The State Bank of Pakistan (SBP) announced on Monday that it has decided to keep the policy rate unchanged at 12 per cent, assessing the current real interest rate to be adequately positive on the forward-looking basis to sustain the ongoing macroeconomic stability.
The central bank’s policy rate, after being slashed by 1,000bps from 22pc since June 2024 in six intervals, now stands at 12pc.
February inflation stood at a near-decade low of 1.5pc, largely due to a high base a year ago.
A Reuters survey of 14 analysts suggests that the central bank may further reduce rates, with a median forecast for a cut of 50 bps.
Of the 10 analysts expecting a rate cut, three estimated its size at 100 bps, one at 75 bps, and six at 50 bps. The rest saw no change.
According to a notification issued by the State Bank of Pakistan today, the Monetary Policy Committee decided to keep the policy rate unchanged at 12pc, noting that inflation in February turned out to be lower than expected, mainly due to a drop in food and energy prices.

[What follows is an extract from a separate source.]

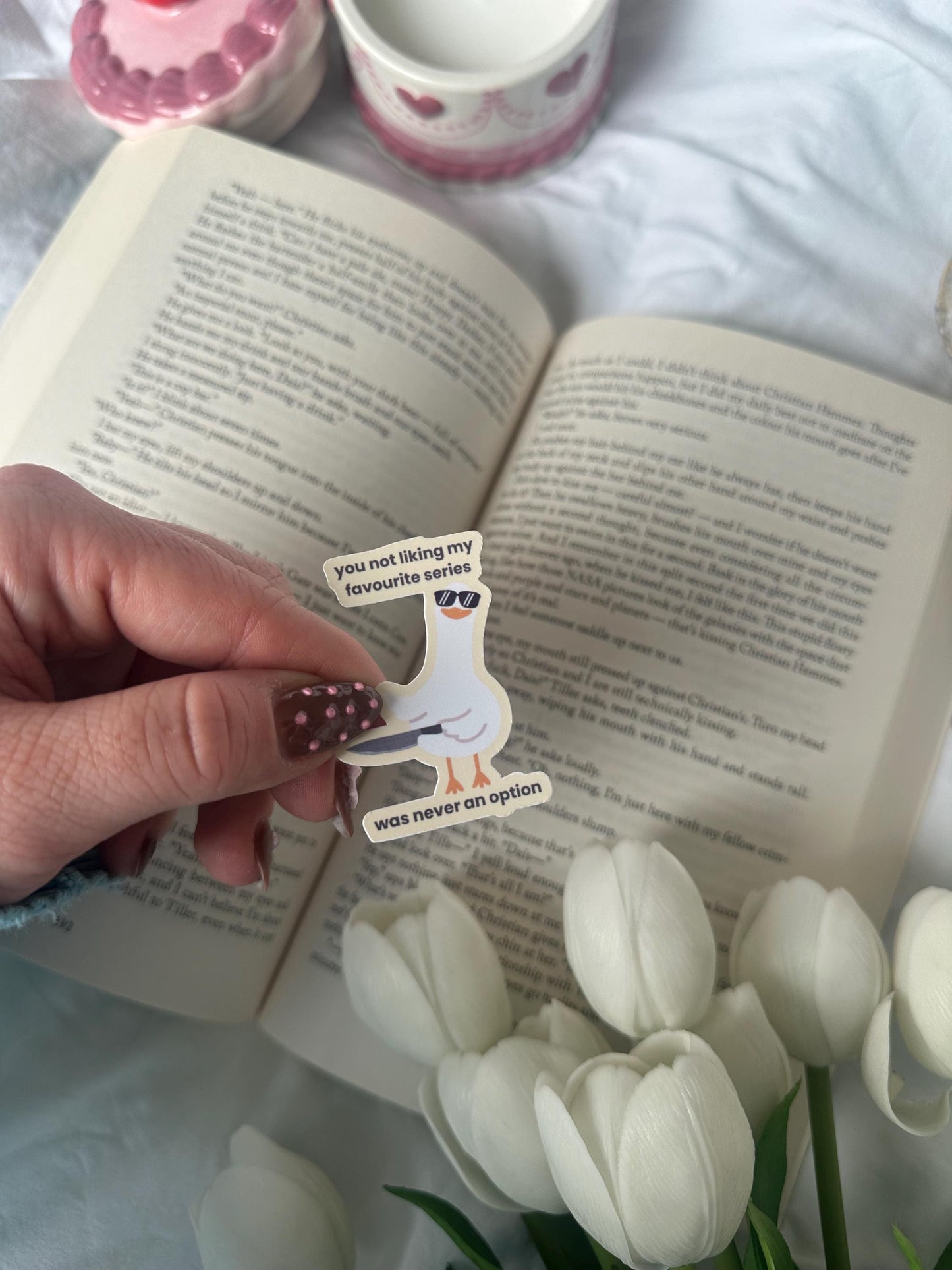 You not liking my favourite series was never an option sticker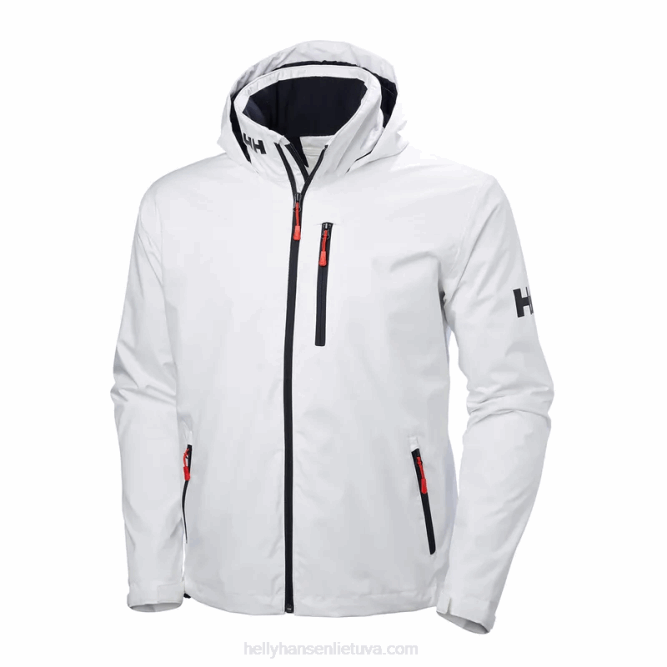 N68220 giacca midlayer con cappuccio da uomo Helly-Hansen bianco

“Notwithstanding this decline, the committee assessed the risks posed by the inherent volatility in these prices to the current declining trend in inflation,” the notification said.
It said that core inflation was proving to be more persistent at an elevated level, thus, uptick in the food and energy prices might lead to an increase in inflation.
“Economic activity continues to gain traction, as reflected in the latest high-frequency economic indicators,” it said, adding that MPC viewed that some pressures on the external account emerged due to rising imports amid weak financial inflows.
“The MPC assessed the current real interest rate to be adequately positive on [the] forward-looking basis to sustain the ongoing macroeconomic stability,” the notification said.
Most analysts expecting a rate cut believe the central bank will stop when rates hit 10.5pc to 11pc, due to a potential rise in inflation. They anticipate a moderate rise from March to May.
Inflation will “bottom out” in the year’s first quarter before gradually rising, said Ahmad Mobeen, senior economist of S&P Global, who anticipates average inflation of 6.1pc for 2025.
Despite the “sharp drop” in the Consumer Price Index (CPI), he said urban core inflation, indicative of price pressures, remained high, at 7.8pc.
At its last policy meeting, the central bank kept its forecast of full-year GDP growth at 2.5pc to 3.5pc, and predicted faster growth would help boost foreign exchange reserves that had been lacklustre.
“While GDP posted 0.9pc growth in the first quarter of fiscal year 2025, large-scale manufacturing remains in negative territory, and production has yet to gain momentum,” said Sana Tawfik, head of research at Arif Habib Limited.
“The transmission of lower rates to economic activity is yet to be seen.”
The target was only possible if industrial activity picked up and agricultural output improved, she added.